*** Provided material ***

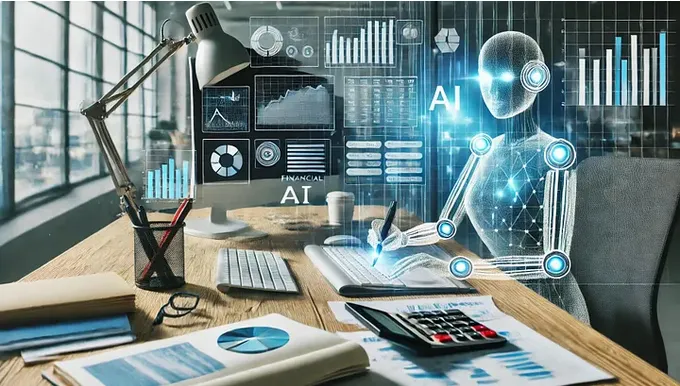 AI robot working alongside financial data and charts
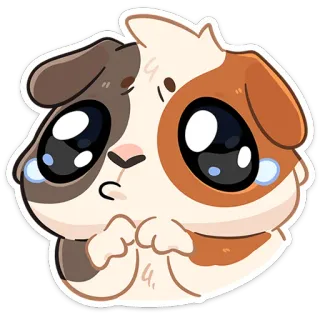 🥺 conejillo de indias, lindo, triste, animal, mascota, llorando, dibujos animados telegram sticker
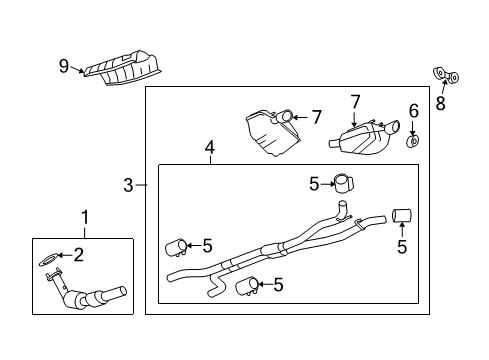 2010 Chevrolet Camaro Exhaust Components Exhaust Muffler Assembly (W/ Exhaust Pipe & Tail Pipe) Diagram for 22990286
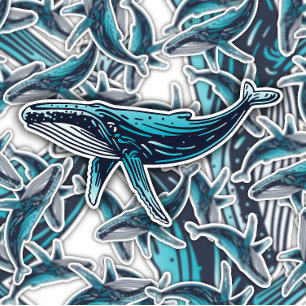 Humpback Whale Fish Sea Sticker Die-Cut Sticker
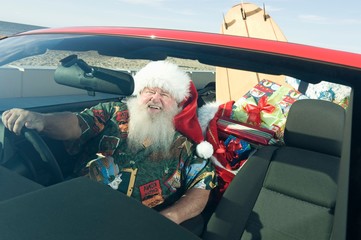 Man In Santa Claus Outfit Riding Car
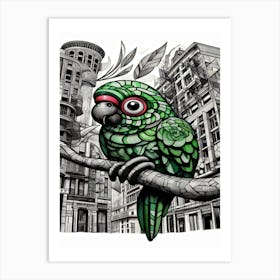 Kiki Parrot In The City Art Print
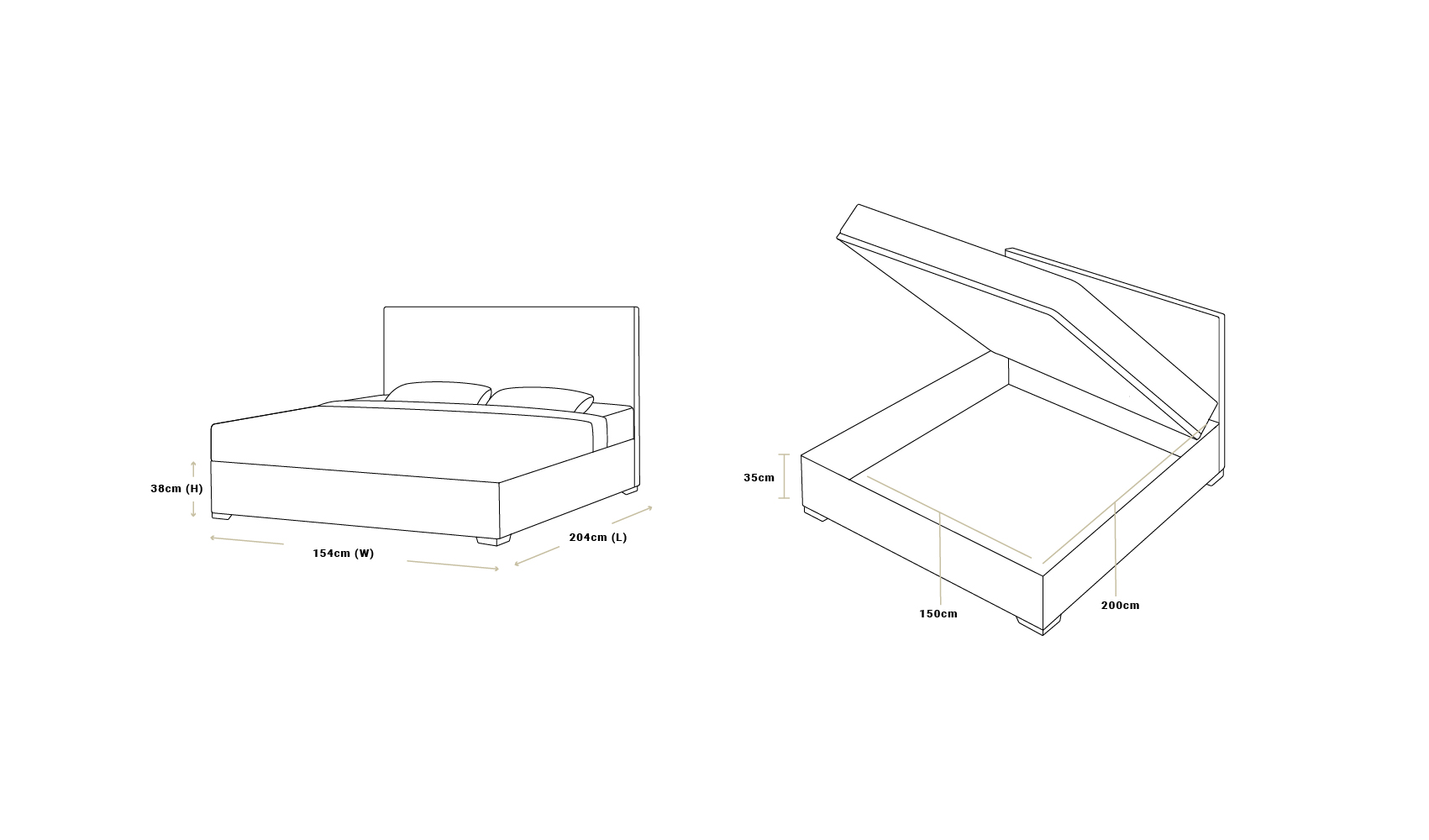 Max storage bed king dimensions: 154cm wide, 204cm long, 38cm high, 35cm storage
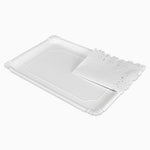 Bandeja Rectangular Cartón con Blonda 34 x 42 cm Blanco (72 uds)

*** End of Provided material ***

-- Work order --
Every entry above should be restated word for word, with the images left out.

-- Answer box --
 AI robot working alongside financial data and charts
 🥺 conejillo de indias, lindo, triste, animal, mascota, llorando, dibujos animados telegram sticker
 2010 Chevrolet Camaro Exhaust Components Exhaust Muffler Assembly (W/ Exhaust Pipe & Tail Pipe) Diagram for 22990286
 Humpback Whale Fish Sea Sticker Die-Cut Sticker
 Man In Santa Claus Outfit Riding Car
 Kiki Parrot In The City Art Print
 Max storage bed king dimensions: 154cm wide, 204cm long, 38cm high, 35cm storage
 Bandeja Rectangular Cartón con Blonda 34 x 42 cm Blanco (72 uds)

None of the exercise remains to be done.